L’ex parlamentare è stato interrogato per oltre due ore dal gip, respingendo tutte le accuse. Secondo l’accusa, Caputo avrebbe “attivato una serie di meccanismi volti a trarre in inganno l’elettorato”.

”In particolare – dicono i pm – sia i manifesti elettorali che i volantini distribuiti recitavano solo il cognome del candidato “Caputo” (omettendo qualsiasi fotografia) e, nella lista, Mario Caputo aveva fatto aggiungere il proprio falso appellativo “detto Salvino”, con il quale era invece conosciuto l’incandidabile fratello Salvatore”. L’inchiesta è coordinata dal Procuratore capo di Termini Imerese Ambrogio Cartosio.

I fratelli Caputo, secondo gli investigatori, avrebbero indotto con l’inganno gli elettori all’esercizio del loro diritto politico. In particolare, avrebbero fatto in modo che, a fronte della candidatura all’Ars di Mario, gli elettori pensassero che il proprio voto servisse a sostenere la candidatura del fratello Salvino, più noto, politico di lungo corso ma che era però incandidabile ai sensi della Legge Severino.

Salvino Caputo, difeso dagli avvocato Raffaele Bonsignore e Francesca Fucaloro, ha spiegato al gip di avere ricevuto “pressioni” dai leader del partito Noi con Salvini per candidare un parente.

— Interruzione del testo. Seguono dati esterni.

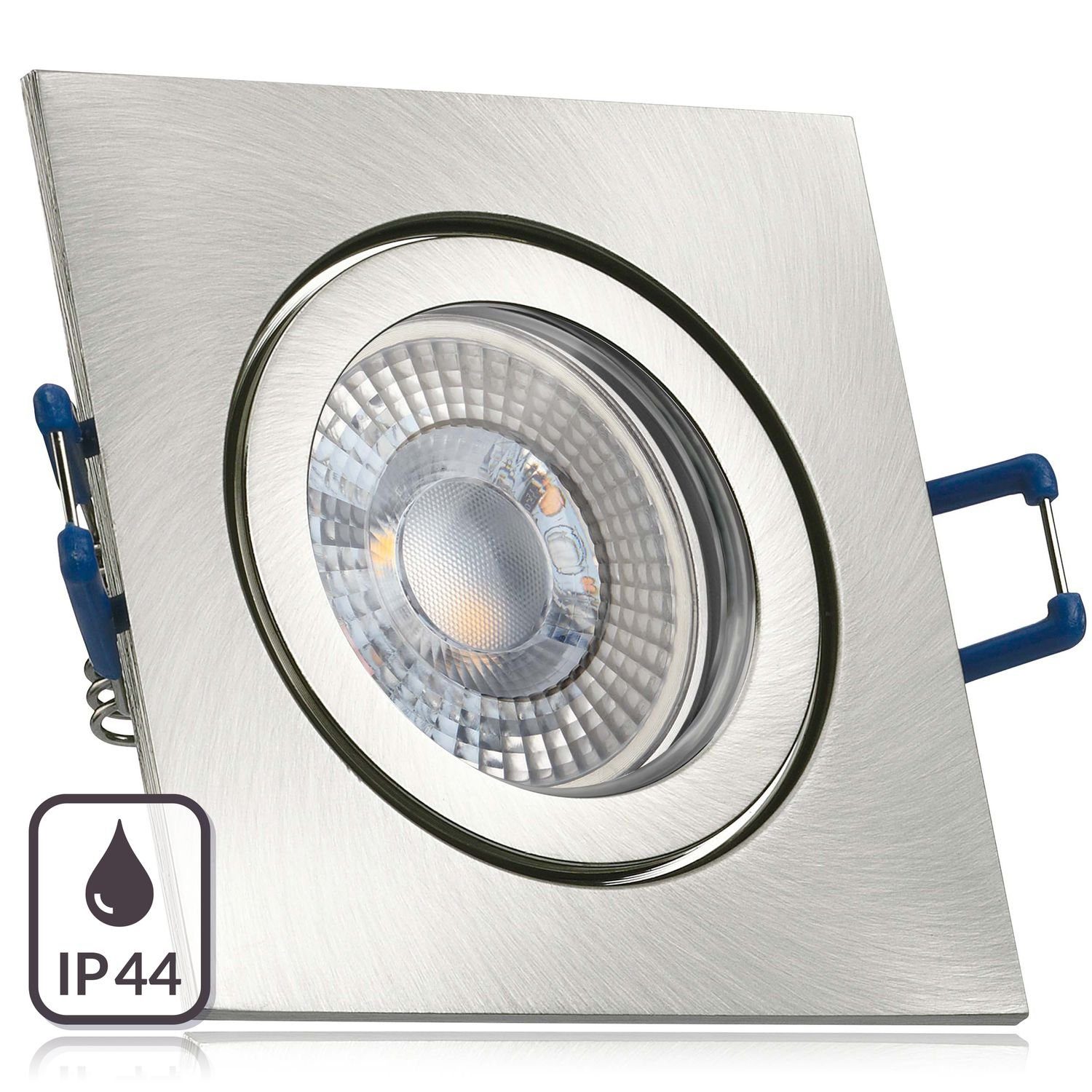 LED gebürstet mit silber Einbaustrahler LEDANDO extra in Einbaustrahler Set LED 3W flach RGB IP44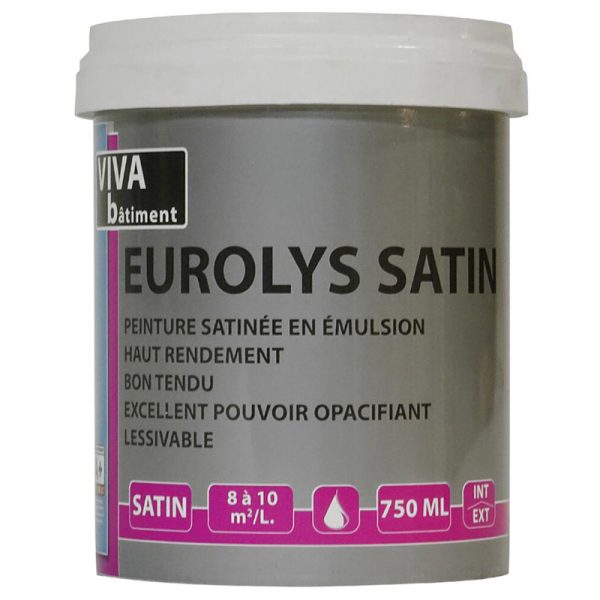 PEINTURE DE FINITION ACRYLIQUE EUROLYS SATIN - MUR - VB - 750ML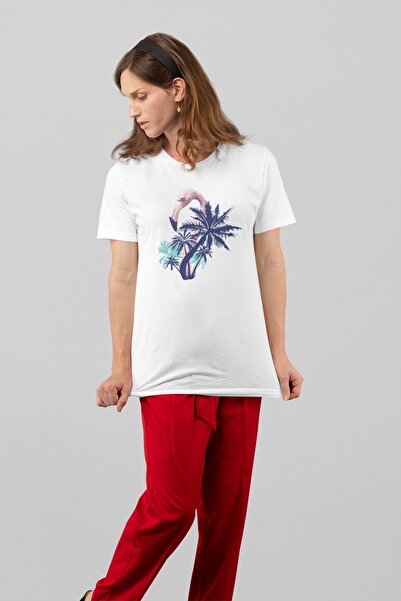 ErTaPassage Flamingo alb cu imprimeu Femeie tricou - T1768619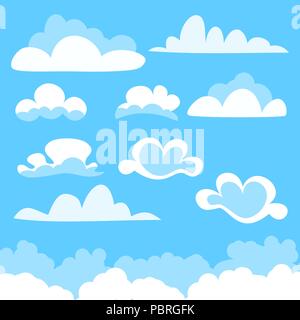 Set of cartoon vector clouds of different shape Stock Vector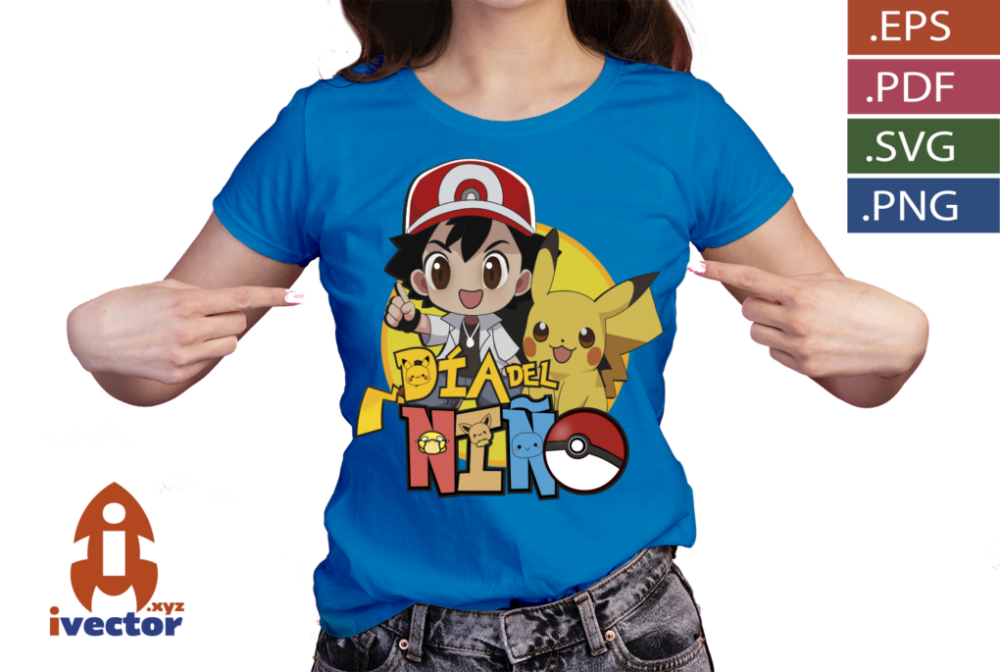 PIKACHU-ASH-POKEMON-DIA-DEL-NINA-VECTOR_P2 PIKACHU ASH POKEMON DÍA DEL NIÑO VECTOR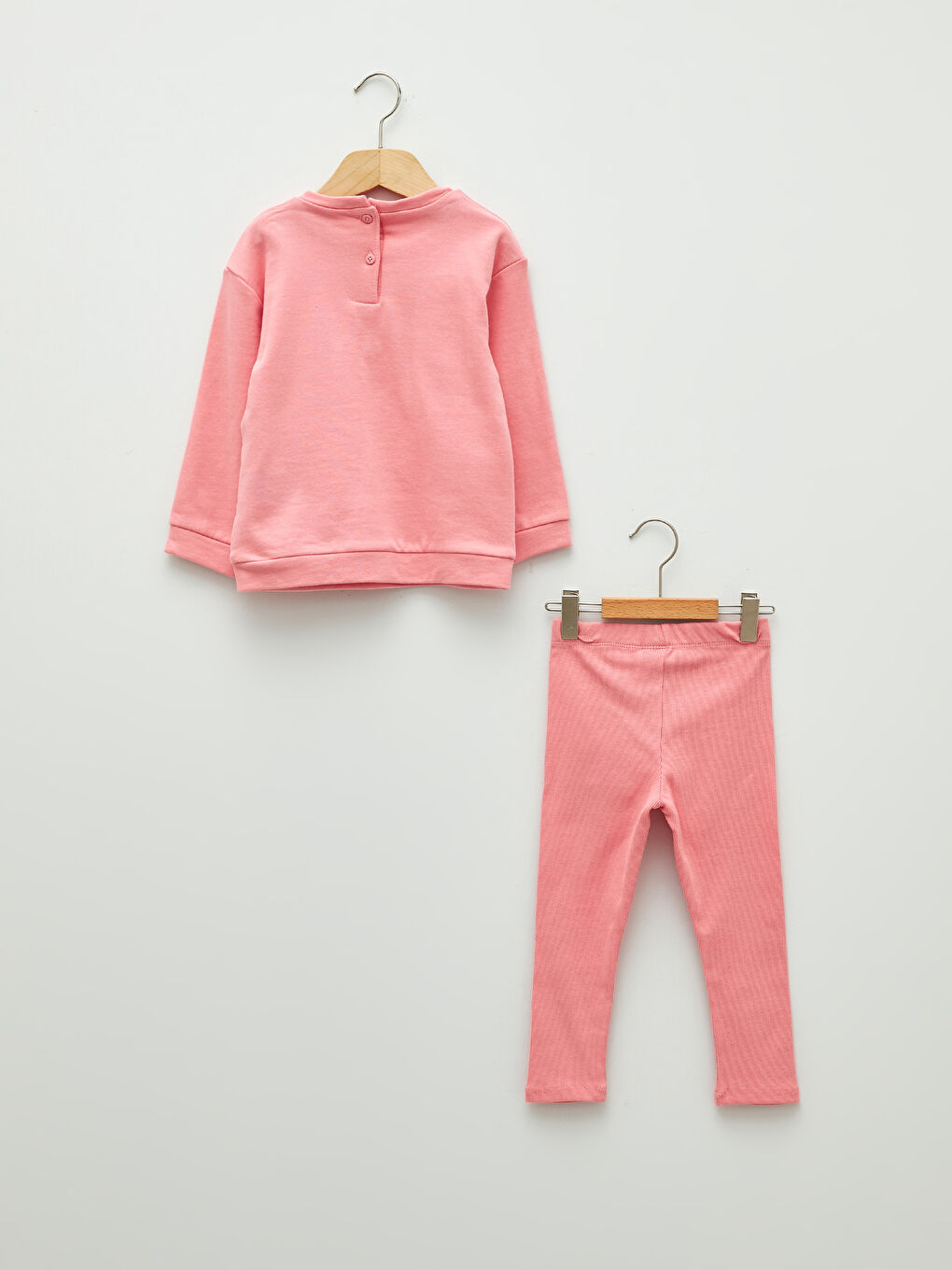 Pembe Bisiklet Yaka Uzun Kollu Baskılı Kız Bebek Sweatshirt ve Tayt 2'li Takım-1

“Dopo la notizia della mia incandidabilità – dice ai giudici – ho vissuto un momento di smarrimento. Così, è nata l’idea di scrivere il nome “detto Salvino” sul facsimile, ma ho sempre fatto campagna elettorale dicendo che il candidato era mio fratello”. E per avvalorare questa tesi i legali hanno presentato al gip materiale fotografico e video, in cui si vede Caputo che fa i comizi dicendo agli elettori di votare per il fratello Mario. Ha parlato anche del deputato Alessandro Pagano, per il quale la Procura ha chiesto l”utilizzo delle intercettazioni telefoniche, dicendo che il parlamentare leghista gli ha chiesto di candidare un parente “per non disperdere il pacchetto di voti”. Proprio come emerge da una intercettazione telefonica tra i due.

Anche il fratello, Mario Caputo, si è difeso davanti al gip, e respingendo ogni accusa. “Ho fatto scrivere “detto Salvino” – ha detto al magistrato – perché alle elezioni amministrative di Monreale non fui eletto per pochissimi voti e diversi voti furono annullati perché gli elettori avevano scritto “Salvino Caputo” e non “Mario Caputo”. Anche qui i suoi legali, gli avvocato Raffaele Bonsignore e Francesca Fucaloro, hanno prodotto dei video e delle foto, oltre la fattura dei facsimile su cui si leggeva il nome “Mario Caputo” e non “Salvino”.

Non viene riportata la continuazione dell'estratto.